AdvancedPhotonSource / tike

Repository for ptychography software
http://tike.readthedocs.io
Other
29 stars 15 forks source link

Cuda kernels are written inefficiently #81

Closed nikitinvv closed 1 year ago

nikitinvv commented 4 years ago

Cuda kernels in usfft.cu, convolution.cu are not optimal.

They are heavy and use a huge number of registers which may significantly slowdown the code. They should be split into smaller ones.

  1. If there exist 'if,else' statement like for fwd/adj operator then it is better to split it into 2, like it was at the beginning.

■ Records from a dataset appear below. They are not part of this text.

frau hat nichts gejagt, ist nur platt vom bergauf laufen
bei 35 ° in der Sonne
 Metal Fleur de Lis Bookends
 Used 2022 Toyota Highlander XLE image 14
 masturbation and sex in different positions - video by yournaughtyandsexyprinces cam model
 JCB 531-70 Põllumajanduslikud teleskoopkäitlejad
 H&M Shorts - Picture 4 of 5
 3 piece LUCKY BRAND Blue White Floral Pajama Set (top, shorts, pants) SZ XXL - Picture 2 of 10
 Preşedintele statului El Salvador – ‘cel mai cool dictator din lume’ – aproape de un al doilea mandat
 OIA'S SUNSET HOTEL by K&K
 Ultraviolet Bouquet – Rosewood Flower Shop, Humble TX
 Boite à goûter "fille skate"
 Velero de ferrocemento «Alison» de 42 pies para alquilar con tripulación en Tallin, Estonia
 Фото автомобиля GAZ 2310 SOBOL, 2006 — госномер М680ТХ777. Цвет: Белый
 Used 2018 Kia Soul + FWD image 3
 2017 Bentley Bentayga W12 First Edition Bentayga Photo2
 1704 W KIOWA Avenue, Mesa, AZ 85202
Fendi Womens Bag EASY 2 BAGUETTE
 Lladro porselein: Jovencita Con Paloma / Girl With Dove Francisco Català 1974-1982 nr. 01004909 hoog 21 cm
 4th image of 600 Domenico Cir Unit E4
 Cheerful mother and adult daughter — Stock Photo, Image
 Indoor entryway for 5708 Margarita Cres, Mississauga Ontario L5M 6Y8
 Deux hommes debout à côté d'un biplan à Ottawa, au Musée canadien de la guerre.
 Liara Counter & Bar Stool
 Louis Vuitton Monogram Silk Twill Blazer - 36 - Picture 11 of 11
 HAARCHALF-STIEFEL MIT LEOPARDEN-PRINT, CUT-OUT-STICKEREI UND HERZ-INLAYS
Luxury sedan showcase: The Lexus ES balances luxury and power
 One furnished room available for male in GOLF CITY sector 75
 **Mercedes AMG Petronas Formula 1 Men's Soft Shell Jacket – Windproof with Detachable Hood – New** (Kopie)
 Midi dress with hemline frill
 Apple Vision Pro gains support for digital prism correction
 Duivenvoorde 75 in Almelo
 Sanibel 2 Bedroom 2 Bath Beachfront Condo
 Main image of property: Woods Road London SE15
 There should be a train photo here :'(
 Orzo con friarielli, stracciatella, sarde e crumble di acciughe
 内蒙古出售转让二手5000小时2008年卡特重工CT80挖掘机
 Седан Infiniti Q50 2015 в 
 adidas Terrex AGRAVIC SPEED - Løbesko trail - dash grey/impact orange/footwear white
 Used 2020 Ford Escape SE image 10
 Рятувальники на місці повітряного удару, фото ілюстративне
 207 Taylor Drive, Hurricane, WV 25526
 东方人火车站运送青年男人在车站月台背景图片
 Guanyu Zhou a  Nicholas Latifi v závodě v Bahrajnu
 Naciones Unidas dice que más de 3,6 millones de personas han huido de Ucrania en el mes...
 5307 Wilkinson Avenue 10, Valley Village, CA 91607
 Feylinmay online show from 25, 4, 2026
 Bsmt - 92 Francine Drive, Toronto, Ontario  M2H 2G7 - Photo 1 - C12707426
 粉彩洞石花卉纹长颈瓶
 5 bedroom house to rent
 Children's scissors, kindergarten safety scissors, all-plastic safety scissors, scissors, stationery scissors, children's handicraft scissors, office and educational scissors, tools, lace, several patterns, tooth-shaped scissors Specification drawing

  2. Loops with many iterations inside the kernels should be avoided by adding new threads, this way allowing the scheduler to switch threads more efficiently, like it was at the beginning

  3. Non-sequential and uncoallesced memory access in the loops make the code slower, the following loop structure is unacceptable from cuda optimization point of view. It also looks unreadable.

    // for each image
    for (int ti = blockIdx.z; ti < nimage; ti += gridDim.z) {
    // for each scan position
    for (int ts = blockIdx.y; ts < nscan; ts += gridDim.y) {
      ....
      // for x,y coords in patch
      for (int py = blockIdx.x; py < patch_shape; py += gridDim.x) {
        for (int px = threadIdx.x; px < patch_shape; px += blockDim.x) {

    Use 3d thread blocks and grids associated with each array dimension, like it was at the beginning. This will give you natural coalesced memory access.

  4. Block size should be a power of 2, optimal combinations (1024,1,1), (256,4,4), (32,32,1), (16,16,4).. What we have in the code:

    block = (min(self.scatter_kernel.max_threads_per_block, (2 * m)**3),)

    Say m=3, then block = 216 - not optimal.

Would It be better to return to my initial kernels implementations?

carterbox commented 4 years ago

Related to https://github.com/tomography/tike/pull/69#pullrequestreview-421461953

carterbox commented 4 years ago
for (int py = blockIdx.x; py < patch_shape; py += gridDim.x) {
        for (int px = threadIdx.x; px < patch_shape; px += blockDim.x) {

3.

carterbox commented 4 years ago
  1. We can make the block-size always a power of 2. We just need to write a function that finds the next power of two after or equal to a number.